(The Center Square) – South Dakota’s leading manufacturing export has sunk by more than 5%, but its overall business conditions index rose to near growth neutral in September, according to a report.
The state’s index rose to 49.8 last month, up from 43.4 in August, according to Creighton University’s Mid-American Economy report, which measures economic conditions for the nine-state region from Minnesota to Arkansas. A 50 represents growth neutral.
Despite South Dakota’s leading manufacturing export, processed foods, decreasing by 5.4% over the past year, its manufacturing exports overall have grown from $1.27 billion to $1.34 billion – a growth rate of 5.8%, the report found.
The nine-state region’s business conditions index moved above the growth neutral threshold last month after two straight months of remaining below 50, according to the report.
However, many economic indicators remain weak as the region saw modest gains in manufacturing employment, coming on the heels of marked job losses two months in a row and elevated inflationary pressures.
“The Mid-America regional manufacturing economy has weakened from earlier in the year and from the same period in 2022,” said Ernie Goss, PhD, director of Creighton University’s Economic Forecasting Group. “Government data indicate that the regional manufacturing economy has lost jobs for four of the past five months.”
South Dakota’s unemployment has remained steady at 1.9%, below the national average of 3.8%, according to the South Dakota Department of Labor and Regulation (DLR). The state’s labor force increased by 8,800 from August 2022 to August 2023, while the number of unemployed decreased by 1,200, DLR reported.
From July to August, South Dakota increased its labor force by 400 workers while unemployment increased by 100, according to DLR.
Economic confidence across the region is shaky, with nearly one-third of supply managers surveyed saying they expect a recession in the next six months, according to Creighton University’s Mid-American economy report. Less than 5% expected business conditions to improve.

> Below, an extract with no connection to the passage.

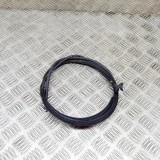 Cablu &icirc;ncuietoare capota PORSCHE MACAN DKN 2019 OEM: 95B823535,95B.823.535 17263707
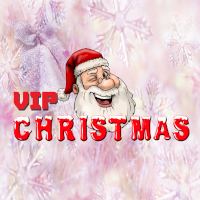 VIPradio Christmas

Meanwhile, wholesale inflation has risen, with just over 40% of supply managers reporting increased wholesale prices.
Goss said the Federal Reserve will likely raise short-term interest rates by 0.25% in the last quarter of the year during its December meetings.
“The rapid expansion in federal government spending will push the Federal Reserve to keep its foot on the economic brakes via raising short-term rates,” said Goss. “I expect one more rate hike in quarter four — with no change at the Fed’s Oct. 31-Nov. 1 meetings.”